La presencia, ayer, de antiguos consejeros y altos cargos de la Generalitat en calidad de testigos en la sesión del Tribunal Supremo, como políticos independentistas que están, por ahora, en libertad, plantea una cuestión muy inquietante. ¿En qué se diferencian, políticamente hablando, los presos políticos independentistas de estos otros políticos que podrían haber estado en su lugar pero que, a la hora de la verdad, no lo estuvieron? Porque renunciaron antes o por otros motivos, esto ahora ya da igual. ¿Fueron más pactistas con el Gobierno de Madrid, más procesistas, más tibios estos testigos y, en cambio, los acusados más feroces y ladinos, más perversos en su infame separatismo catalán? Encontraríamos opiniones para todos los gustos, personas que piensan que, si dejamos de lado la retórica, todavía no nos hemos movido, en definitiva, del autonomismo más vergonzoso. Otros, por el contrario, opinan que se ha ido demasiado lejos y que hay que rectificar inmediatamente y convivir, como se pueda, con la España intolerante que cuelga y fusila a muñecos. E incluso, hay un tercer grupo, el grupo de quienes piensan que hasta el rabo todo es toro y que, por ahora, hay que mantenerse a la expectativa. ¿Hay diferencias políticas entre los Mossos de l’Esquadra dirigidos por Jordi Jané y Albert Batlle y cuando el cuerpo estuvo gobernado por Joaquim Forn y Pere Soler? ¿La pasividad de los Mossos el día primero de octubre de 2017 fue una decisión técnica o política, si es que queremos aceptar esta denominación y esta distinción? El abogado Melero, recurriendo a la fundamentada jurisprudencia de la pregunta que podría colar, pidió ayer a Jané si Joaquim Forn era más o menos independentista, más o menos radical. Como si ser más fuera ser algo más allá de la teoría, de la elucubración, como si los más fuertes ganaran siempre las batallas. Como si Goliat hubiera vencido a David.

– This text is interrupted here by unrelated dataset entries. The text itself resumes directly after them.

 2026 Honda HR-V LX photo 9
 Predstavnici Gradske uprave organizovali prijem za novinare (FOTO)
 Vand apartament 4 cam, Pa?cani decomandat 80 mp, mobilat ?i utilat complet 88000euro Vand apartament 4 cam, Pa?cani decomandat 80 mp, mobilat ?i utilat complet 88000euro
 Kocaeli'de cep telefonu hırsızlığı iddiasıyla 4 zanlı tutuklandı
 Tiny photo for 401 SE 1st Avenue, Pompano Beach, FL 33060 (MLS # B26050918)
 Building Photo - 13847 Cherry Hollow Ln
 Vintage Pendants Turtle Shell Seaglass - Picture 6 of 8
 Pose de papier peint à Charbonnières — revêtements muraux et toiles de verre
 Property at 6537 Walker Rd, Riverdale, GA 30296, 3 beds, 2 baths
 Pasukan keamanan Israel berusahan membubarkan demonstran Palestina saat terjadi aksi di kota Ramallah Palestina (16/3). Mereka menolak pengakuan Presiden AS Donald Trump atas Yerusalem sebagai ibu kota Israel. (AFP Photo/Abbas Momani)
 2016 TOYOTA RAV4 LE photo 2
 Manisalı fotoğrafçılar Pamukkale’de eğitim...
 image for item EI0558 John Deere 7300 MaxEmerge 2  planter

Por su parte, Oriol Junqueras, desde la cárcel, ha insistido en este concepto, reivindicando que ERC es más independentista que ningún independentista que pueda existir, presentándose electoralmente aún más puro de oliva, más extra y más de primera presión en frío. Ya se sabe que el líder se gusta y se reivindica siempre que puede, todo al mismo tiempo, como el más dialogante, como el más independentista, como el más amoroso, como el más progresista. Ser más que los demás se inscribe en una vieja tradición política, concretamente en la herencia del maximalismo, un término utilizado nada menos que por Antonio Gramsci y Amadeo Bordiga. Los que eran más que los demás, parecían, en aquella época de la revolución soviética, a priori, los bolcheviques, los partidarios de un proletariado maximalista que implantaría un socialismo maximalista. Radicales y moderados. Dialogantes e intransigentes. Palomas y halcones. Tirios y troyanos. Ya se puede ver que, entonces como ahora, se trata de una denominación inexacta, demasiado superficial incluso para el periodismo superficial, que da la impresión que podría explicar algo cuando, en realidad, no explica casi nada. Simplemente explica la tendencia de gran parte de los políticos a la megalomanía, a pensar y hablar en grande, ya sea cuando hacen discursos interminables frente al pueblo cubano o cuando algún político de los nuestros exhibe sus preferencias por los pechos generosos de las señoras. Si tiene que ser, que sea grande. El maximalismo, sin embargo, no es necesariamente el camino que, históricamente, haya resultado más eficaz. Lenin, que no fue, precisamente, un soñador, criticó duramente al maximalismo revolucionario porque le parecía una exageración romántica excesivamente rígida. Partidario de la eficacia, aunque fuera al precio de pactar con el monstruoso káiser, el padre de la revolución rusa fue un firme partidario del oportunismo centrista. Ya ven. Centrista tampoco es que quiera decir ni eso, ni aquello, sino todo lo contrario. Es la política de si sale con barba san Antón y si no, la Purísima Concepción, la política planificada de toda la vida, la de si cuela, cuela.